(Beginning of Given information)

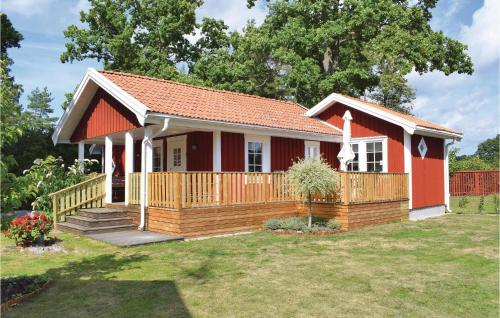 . Amazing Home In Lttorp With 2 Bedrooms And Wifi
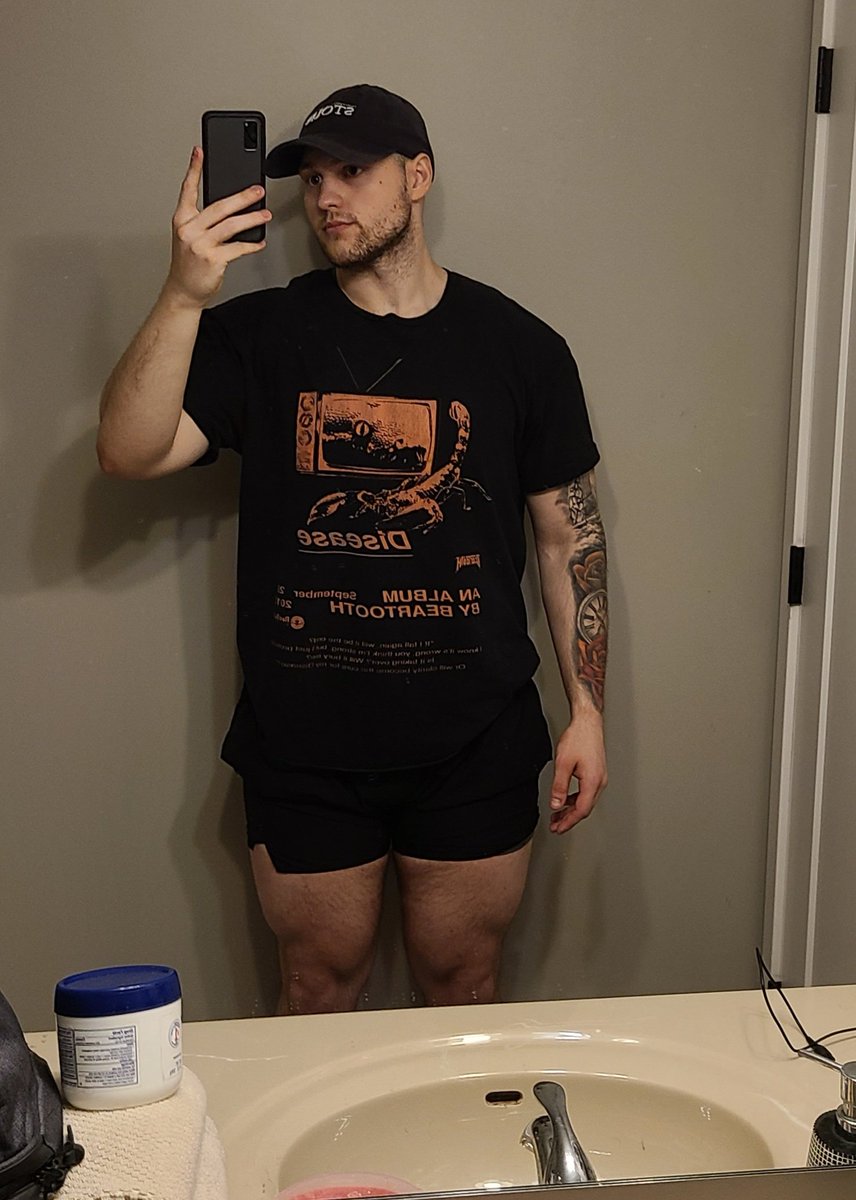 Your sign to not be a bitch. Train lower body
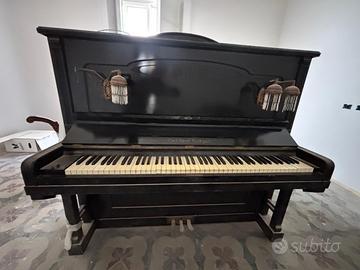 PIANOFORTE verticale d’epoca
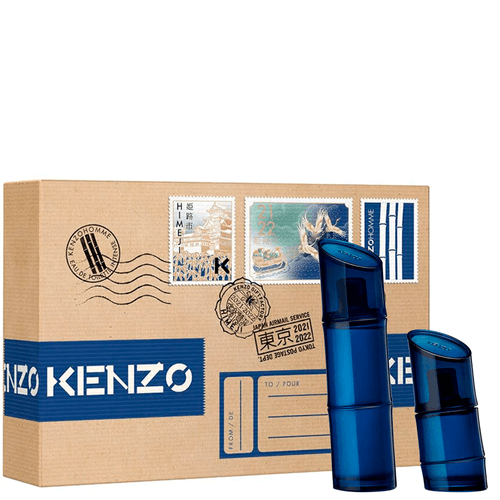 Kit Coffret Kenzo Homme Intense Eau De Toilette - 100ml + 40ml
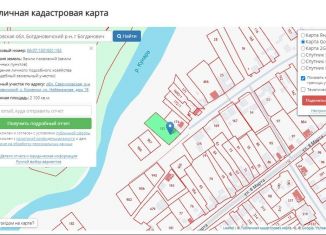 Земельный участок на продажу, 21 сот., село Коменки, Набережная улица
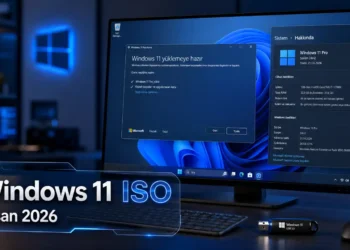 Windows 11 ISO İmajları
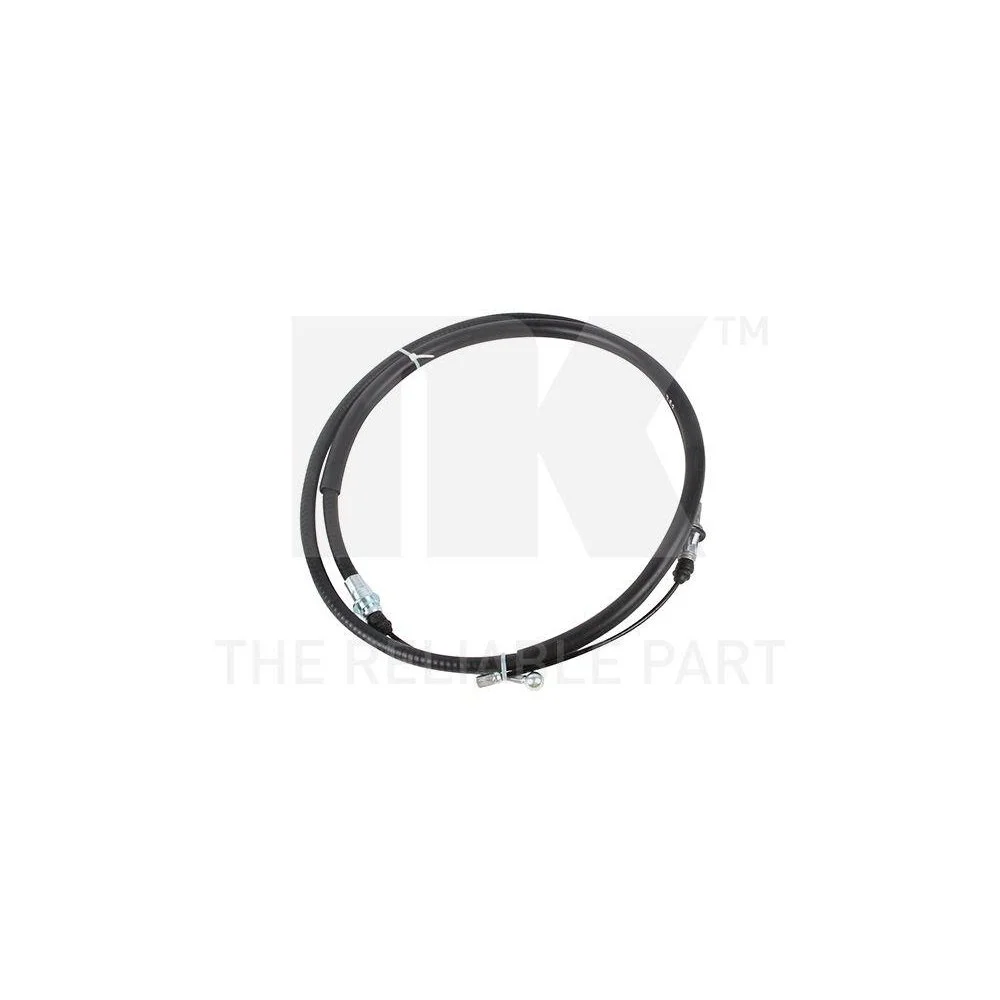 Трос ручного гальма NK 9039107 лівий для NISSAN OPEL RENAULT VAUXHALL, фото №1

(End of Given information)

Verbatim copy without images: write the records above out in full.

§ **Finished task**:
 . Amazing Home In Lttorp With 2 Bedrooms And Wifi
 Your sign to not be a bitch. Train lower body
 PIANOFORTE verticale d’epoca
 Kit Coffret Kenzo Homme Intense Eau De Toilette - 100ml + 40ml
 Земельный участок на продажу, 21 сот., село Коменки, Набережная улица
 Windows 11 ISO İmajları
 Трос ручного гальма NK 9039107 лівий для NISSAN OPEL RENAULT VAUXHALL, фото №1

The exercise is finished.